Corria o ano de 2012 e este orgulhoso alentejano, natural da Serra de Serpa, vivia em Londres, para onde tinha emigrado em 1999. “À procura de uma vida melhor”, recorda. Por lá, fez um pouco de tudo. Começou por trabalhar num matadouro de frangos, depois foi funcionário num supermercado, ao mesmo tempo que trabalhava numa fábrica de peças de avião. Nesta luta de um emigrante, o que lhe aquecia a alma e o aproximava de Portugal era um programa sobre o Alentejo que passava numa rádio online suíça. A fonte de inspiração para o Sempre Alentejo. 
 
“Quem criou a Rádio Solar de Londres foi o meu amigo Armando Ferreira, que sempre trabalhou em rádio e que, como também estava em Londres na altura, me desafiou a assumir um programa”. Com o final do formato suíço, Manuel achou por bem conduzir ele um espaço semelhante, onde desse a conhecer todo o Alentejo deste mundo. O formato começou por ser emitido domingos à noite, entre as 19h00 e as 21h00, mas depressa foi alargada a emissão. “Comecei a ter muitos pedidos para o programa ser maior”, conta. Passou então a emitir mais uma hora ao domingo, e às quartas-feiras no mesmo horário. 
 
Estúdio por detrás do balcão
Tudo corria bem até que há dois anos e meio as saudades de Portugal falaram mais alto e Manuel Venâncio Martins regressou. Abriu então o Retiro Alentejano, na Falagueira, onde prosseguiu com o programa Sempre Alentejo. Ou não fosse a Amadora um dos concelhos mais alentejanos de Portugal. “A rádio esteve sempre comigo”, garante. 
 
Por isso, quando voltou não desistiu do programa, que já chegou a ter 4 mil ouvintes online. Antes pelo contrário. Abriu o restaurante e estabeleceu o estúdio de rádio por detrás do balcão. Como? É fácil. “Só preciso de ter um computador para emitir, outro, mais pequeno - se quiser falar pelo skype -, umas colunas, uns auscultadores e um microfone”. 

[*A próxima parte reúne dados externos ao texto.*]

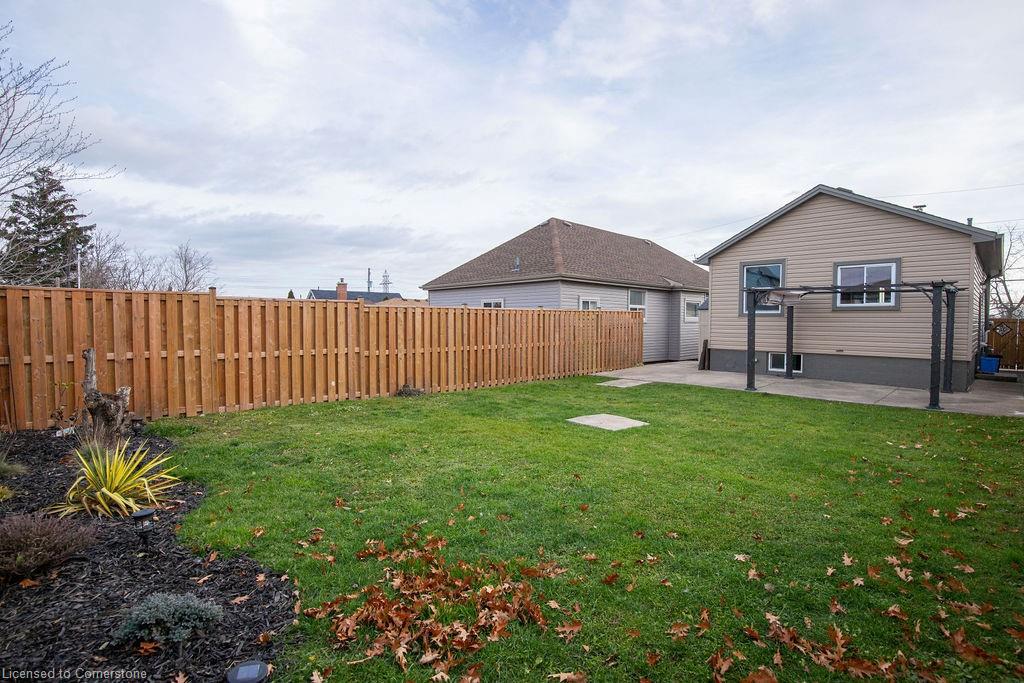 551 Barnaby Street Property Photo 27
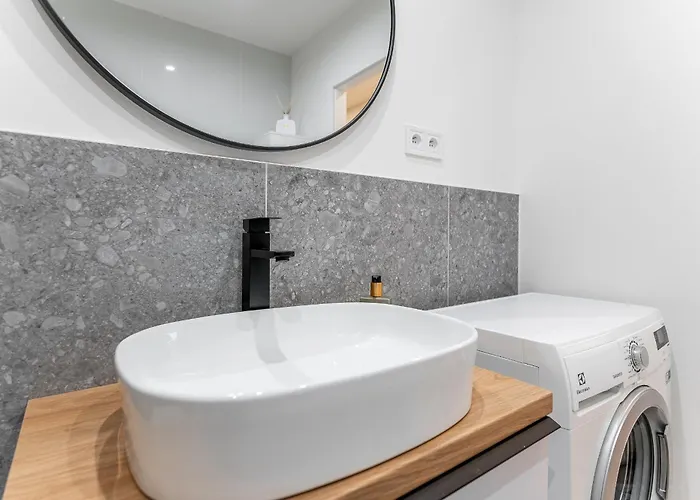 Daire Your Jantarova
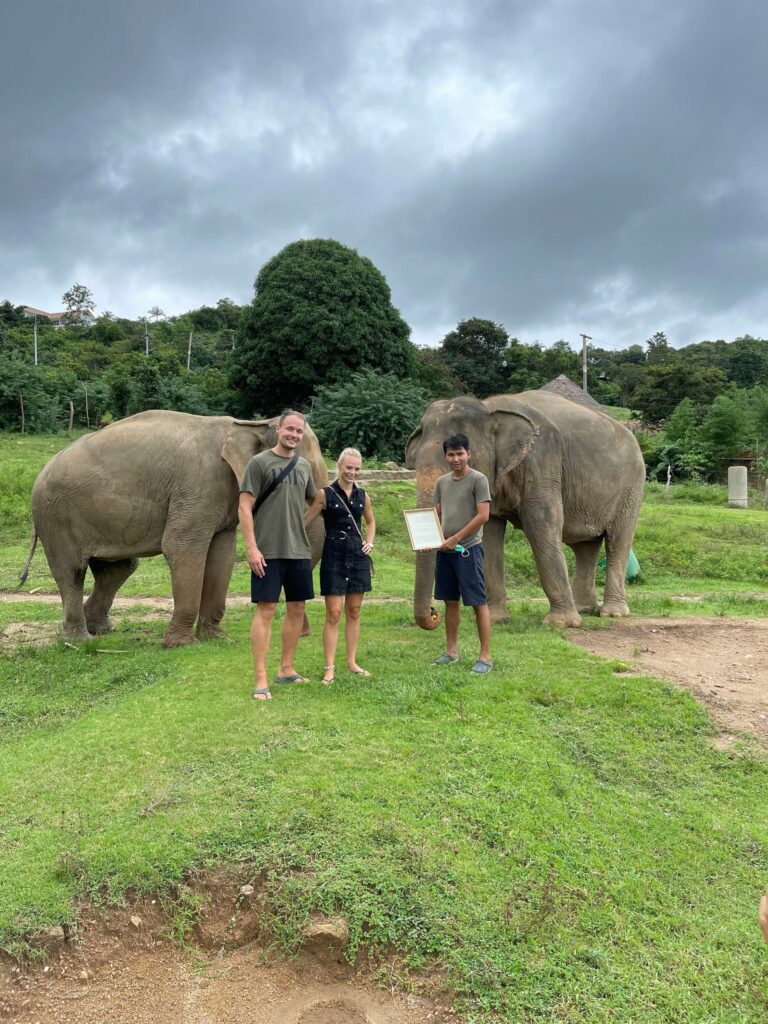 Faaborgensere reddede kvart elefant i Thailand | Det Rigtige Faaborg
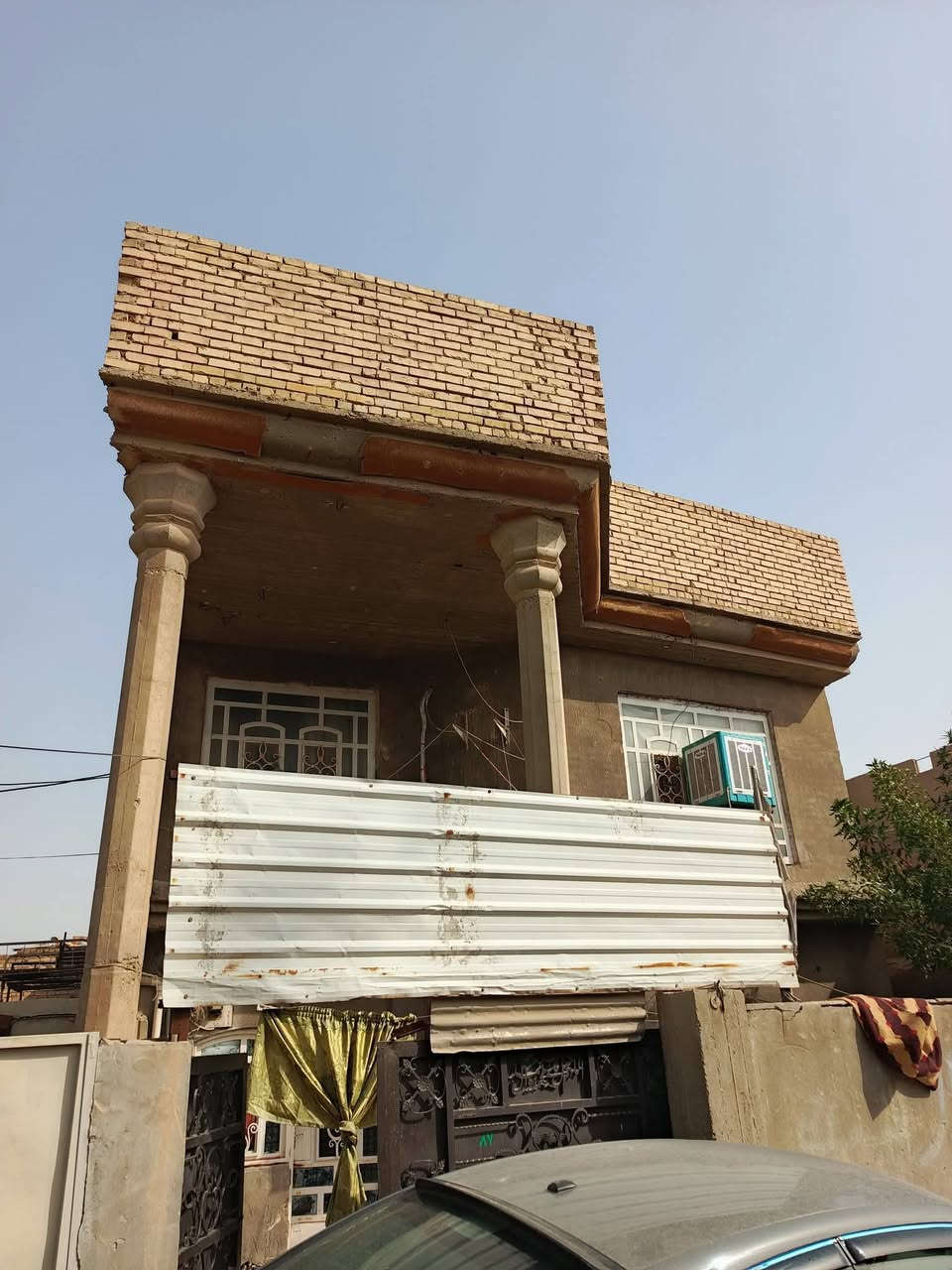 السلام عليكم دار للبيع في منطقة عنانه السعر 75 قابل للتفاوض سند 25 مساحه 200 م 4 غرف نوم مطبخ استقبال هول للأاستفسار أكثر الاتصال على الرقم ***********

Os clientes nem dão pelo negócio paralelo do taberneiro que, entre um copo servido e uma bica tirada, lá vai transmitindo cultura alentejana para os quatro cantos do mundo. “Tive, pelo menos, três ouvintes da Austrália que me escreveram a dizer que acordavam às 3h30- horário de lá – só para ouvir o programa. Mas recebia reações de ouvintes de França, da Suíça, Angola e de Inglaterra”. 
 
Programa é feito “a troco de nada”
Sem nunca ter pensado ser radialista na vida, o bichinho da rádio foi entrelaçando-o nas suas teias. “Nunca imaginei que gostasse tanto. Gosto muito de comunicar, sinto-me próximo das outras pessoas. Eu falo, conto anedotas, dou notícias do Alentejo, dou espaço à poesia e passo música”. Algumas, que os ouvintes pedem, outras das quais gosta. “Tudo música alentejana, mas fujo um pouco do Cante Alentejano. Prefiro música mais ligeira”, explica.  
No ar desde 2012, Manuel Venâncio Martins revela que nunca recebeu uma critica negativa, mas que já houve dias em que começou o programa sem nenhum ouvinte on-line. “É muito desmotivador quando isso acontece, mas já me aconteceu”. 

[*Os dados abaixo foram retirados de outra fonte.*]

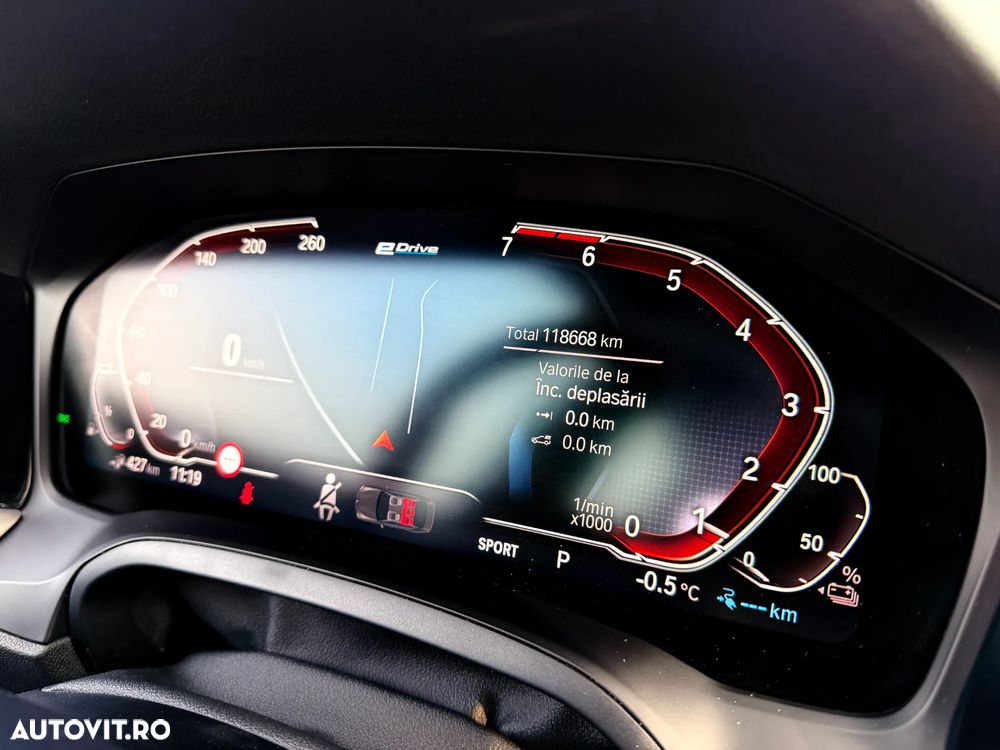 BMW Seria 3 330e AT PHEV - 11
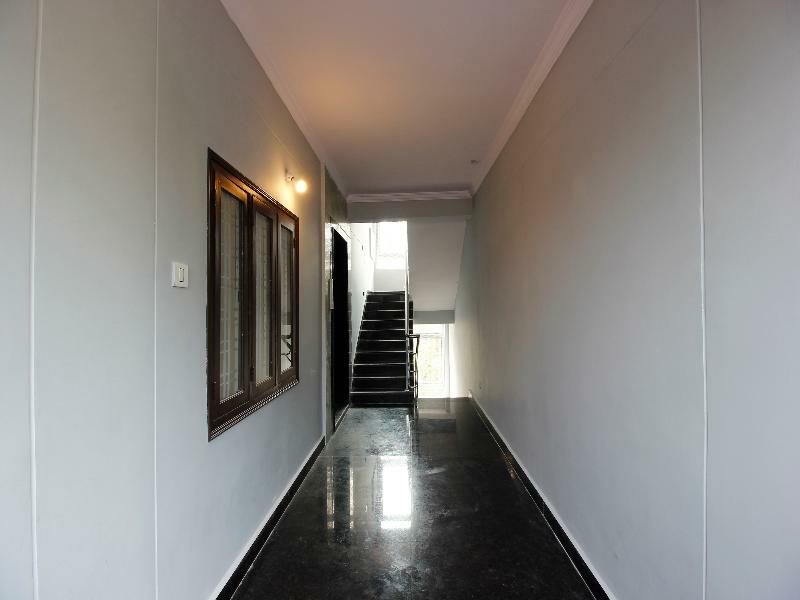 Oyo Silverkey 74581 Nallagandla Hotel Хидерабад Екстериор снимка
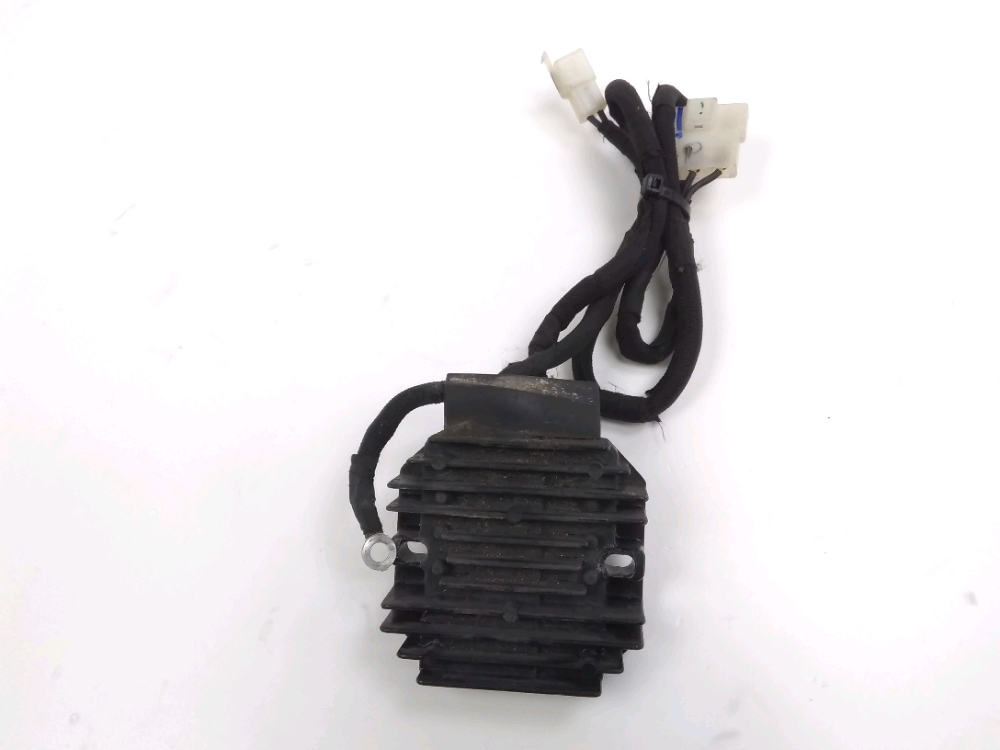 REGULATEUR DE TENSION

Sempre Alentejo, pode ser ouvido aos domingos, entre as 18h00 às 21h00, e às quartas, das 19h00 às 21h00. Um espaço que enaltece a cultura alentejana, transmitido da Amadora para o mundo por carolice do radialista que faz “o programa a troco de nada”, e para quem o melhor ordenado é receber e-mails de emigrantes agradecidos por naquele espaço de tempo se sentirem mais próximos de casa.